▶ _Action item_
Every line from the one containing "this 943×1288 image." to the end of the records below must be copied exactly, and no pictures may be included.

· · · · ·

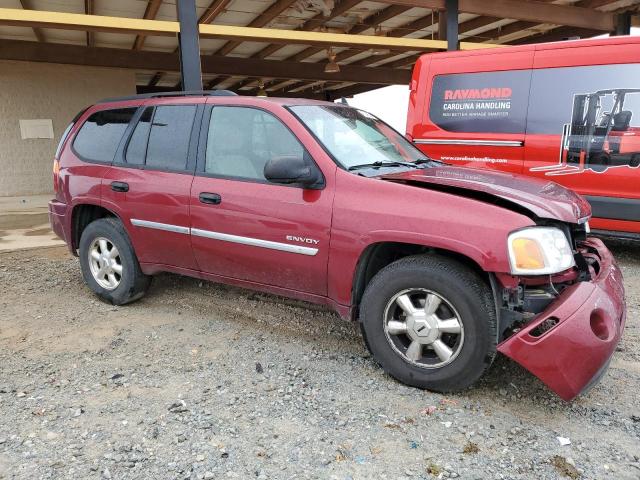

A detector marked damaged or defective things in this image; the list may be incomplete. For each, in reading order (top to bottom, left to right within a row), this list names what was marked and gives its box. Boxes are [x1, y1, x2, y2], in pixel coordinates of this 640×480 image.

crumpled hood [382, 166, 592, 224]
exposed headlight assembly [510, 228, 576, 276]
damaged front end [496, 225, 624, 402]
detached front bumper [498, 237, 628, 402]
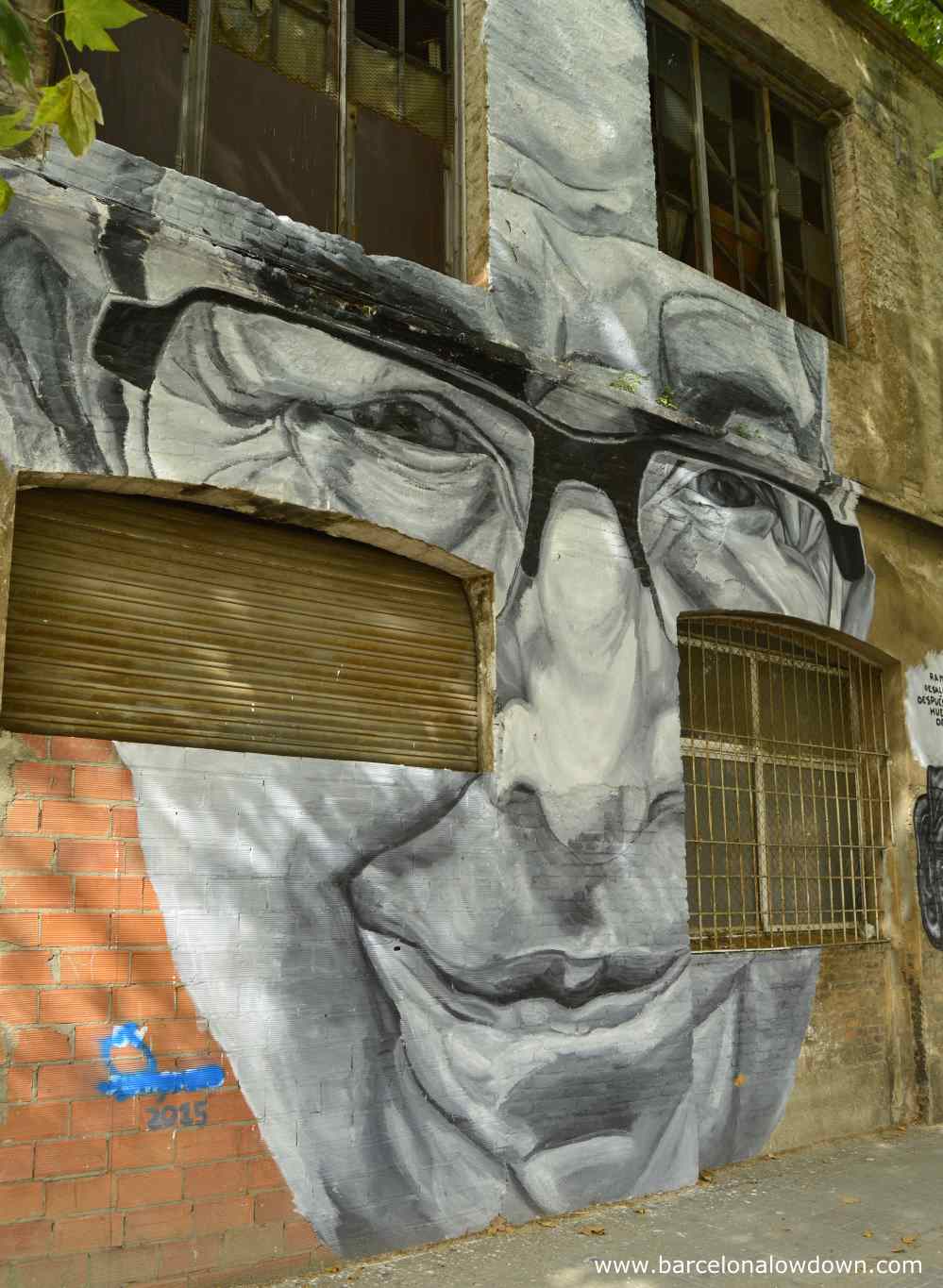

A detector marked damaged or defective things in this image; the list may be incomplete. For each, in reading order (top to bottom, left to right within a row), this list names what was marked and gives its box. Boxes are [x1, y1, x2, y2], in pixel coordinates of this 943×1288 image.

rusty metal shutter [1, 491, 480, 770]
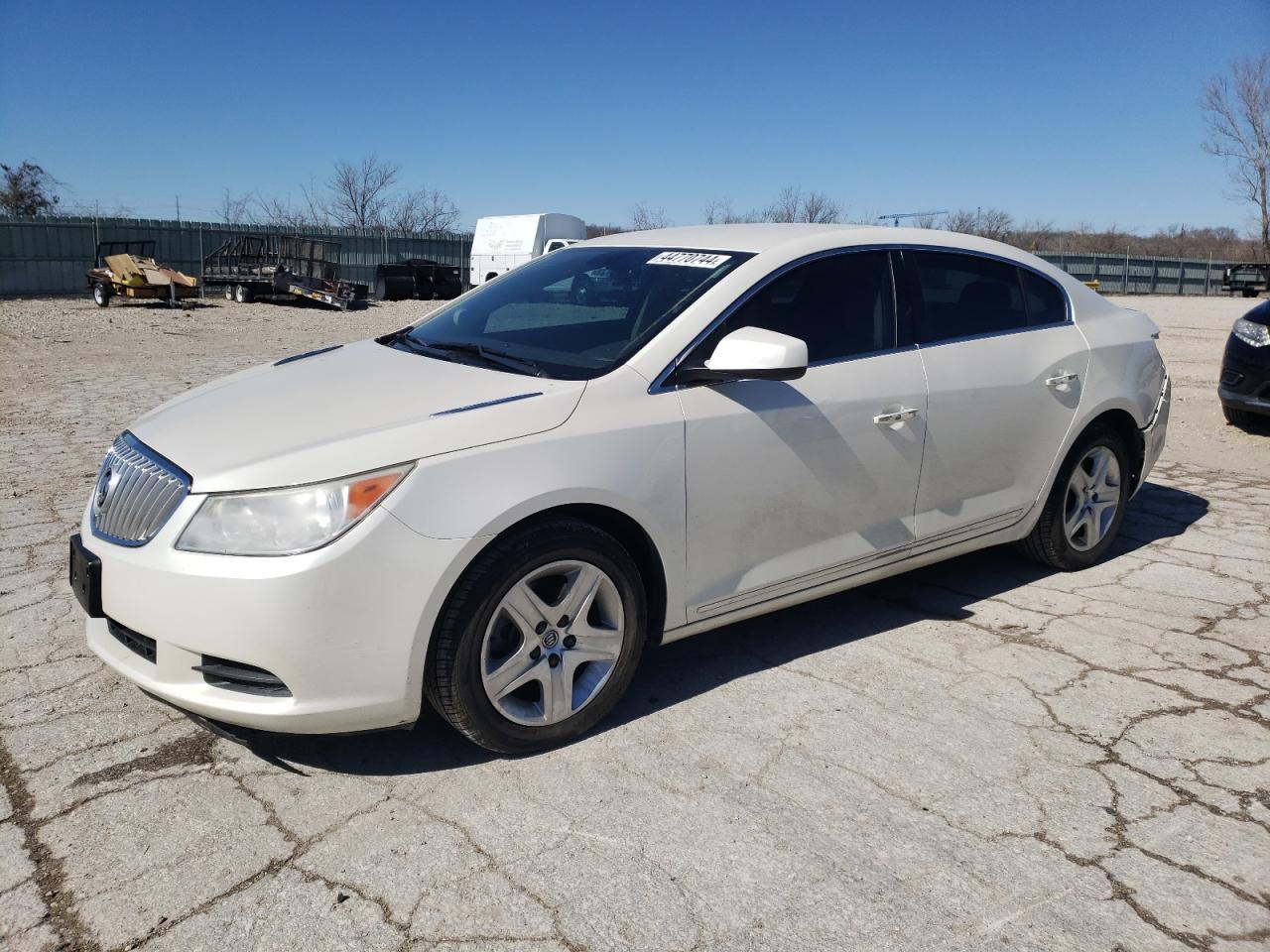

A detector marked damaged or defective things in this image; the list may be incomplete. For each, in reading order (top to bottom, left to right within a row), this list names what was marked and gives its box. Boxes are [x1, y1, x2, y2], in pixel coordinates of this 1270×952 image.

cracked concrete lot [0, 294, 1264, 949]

· · · · ·

▶ _Reply to the task_
A detector marked damaged or defective things in this image; the list may be incomplete. For each, in reading order (top to bottom, left to right within a row), this list names what was marked and gives its box. Boxes are [x1, y1, x2, y2], in pixel coordinates of this 943×1288 image.

rusty metal shutter [1, 491, 480, 770]

A detector marked damaged or defective things in this image; the list may be incomplete. For each, in reading order (top to bottom, left to right within a row), this list names what was marked and gives its box. Boxes are [x1, y1, x2, y2], in pixel coordinates of this 1270×952 image.

cracked concrete lot [0, 294, 1264, 949]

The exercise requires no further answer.